JCH: France2 a essayé de questionner les Domaines à ce sujet.

PA: Ils ont refusé de répondre. La SEMDO n’a pas non plus souhaité répondre aux questions d’Envoyé Spécial. C’est totalement inadmissible. Les organismes publiques qui établissent des estimations devraient être clairs et transparents.

JCH: En tout cas, ce double refus est bien regrettable! L'idée que les futurs logements dans la ZAC du Clos du Bourg seraient des logements chers et inaccessibles aux expropriés a été souvent exprimée. Cela dit, pour le moment, les différents lots prévus ne sont pas attribués à des promoteurs/constructeurs, aucun immeuble n'est sorti de terre et aucune indication n'a été diffusée en matière de prix de vente des logements. L'opération devra par ailleurs comporter 20 % de logements sociaux. Les "logements sociaux" sont de divers types: la plupart sont destinés à la location, d'autres à la location avec accès à la propriété. Avez-vous envisagé la possibilité d'accéder à ce type de logements?

PA: Oui. Le maire a refusé cette option sous prétexte de la différence de valeur vénale entre mon appartement et l’équivalent dans ce qui sera construit. En centre bourg, le prix du m² est actuellement à plus de 4000€/m² et la SEMDO va me racheter mon appartement 2000€/m² ; alors si on se base sur une logique purement financière, on peut même imaginer que l’expropriation peut s’avérer rentable, mais c’est oublier que derrière ça il y a des hommes et des femmes qui en sont les victimes.

JCH: Vous avez souvent exprimé le souhait de continuer à loger dans l'hyper centre du Bourg d'Olivet et publié des documents traçant autour de votre appartement un cercle très restreint. Avez-vous conscience que cela a pu passer pour un refus d'aller loger dans des zones un peu plus éloignées... où bien des Olivetains, par choix ou par nécessité habitent actuellement? Cela a pu aliéner une part du capital de la sympathie réelle que vous vaut cette situation dont, a priori, personne ne voudrait faire l'expérience?

PA: Je n’ai voulu vexer personne. On ne m’a pas proposé un logement ailleurs, qui pourrait compenser la perte des avantages que me procurent cet appartement et sa situation centrale. Je rappelle que je n’ai pas choisi de partir du centre ville où je me sens bien, et compte tenu de la construction de 350 logements dans le Clos du Bourg, je ne pensais pas qu’il y avait nécessité à partir. 

JCH: Au vu de cette expérience et de toute cette histoire, n'avez-vous pas été tentée de tirer un trait sur votre vie olivetaine et d'aller voir ailleurs... "si l'herbe n'y est pas plus verte"?
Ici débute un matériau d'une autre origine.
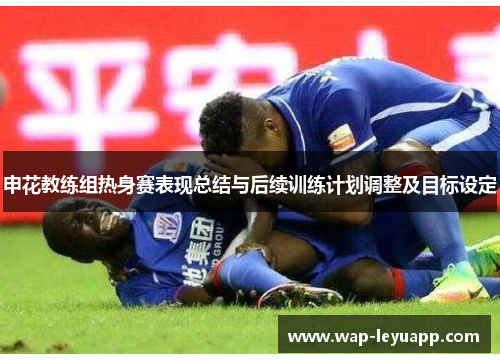 申花教练组热身赛表现总结与后续训练计划调整及目标设定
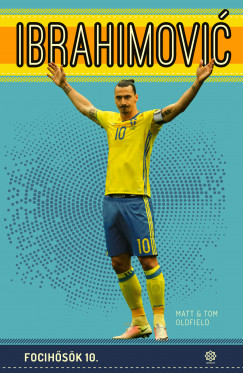 Tom Oldfield - Matt Oldfield - Ibrahimovic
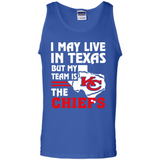 I May Live In Texas But My Team Is The Chiefs - Tank Top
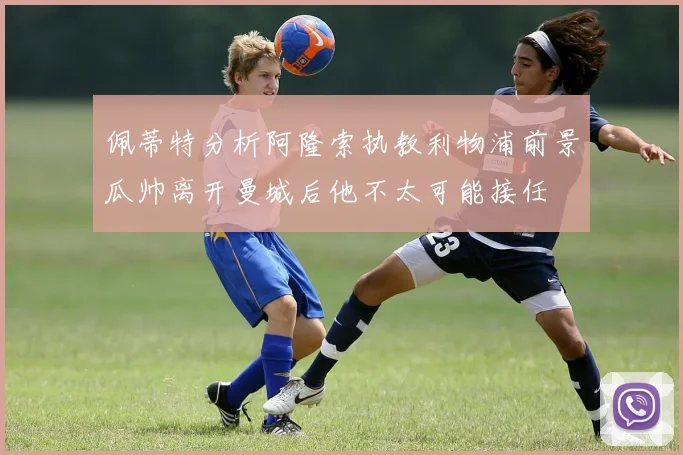 佩蒂特分析阿隆索执教利物浦前景瓜帅离开曼城后他不太可能接任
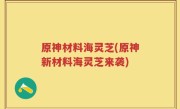 原神材料海灵芝(原神新材料海灵芝来袭)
PA: Oh que si ! J’aime cette ville d’Olivet où j’ai de nombreux amis, mais comment continuer à avoir confiance en une municipalité qui apporte autant de souffrance envers les administrés qu’elle met à la porte de leur logement ? Si vous avez écouté cette enquête de France2 diffusée le 8 avril dans Envoyé Spécial, j’imagine que vous avez pu percevoir la détresse des victimes de l’expropriation et le malaise du maire qui admet que ce qu’on me propose est bien en dessous du prix du marché..

Mais vers quelle commune se tourner ? Est ce que l’herbe y est vraiment plus verte ?  Je sais que certaines communes ont été plus respectueuses envers les personnes frappées d’expropriation... Je vais faire mon possible pour ne plus jamais avoir à revivre cela et je vais  continuer à communiquer sur mon expérience avec l’espoir  que d’autres n’aient pas non plus à vivre cela.

Je vous remercie de m’avoir donné la parole.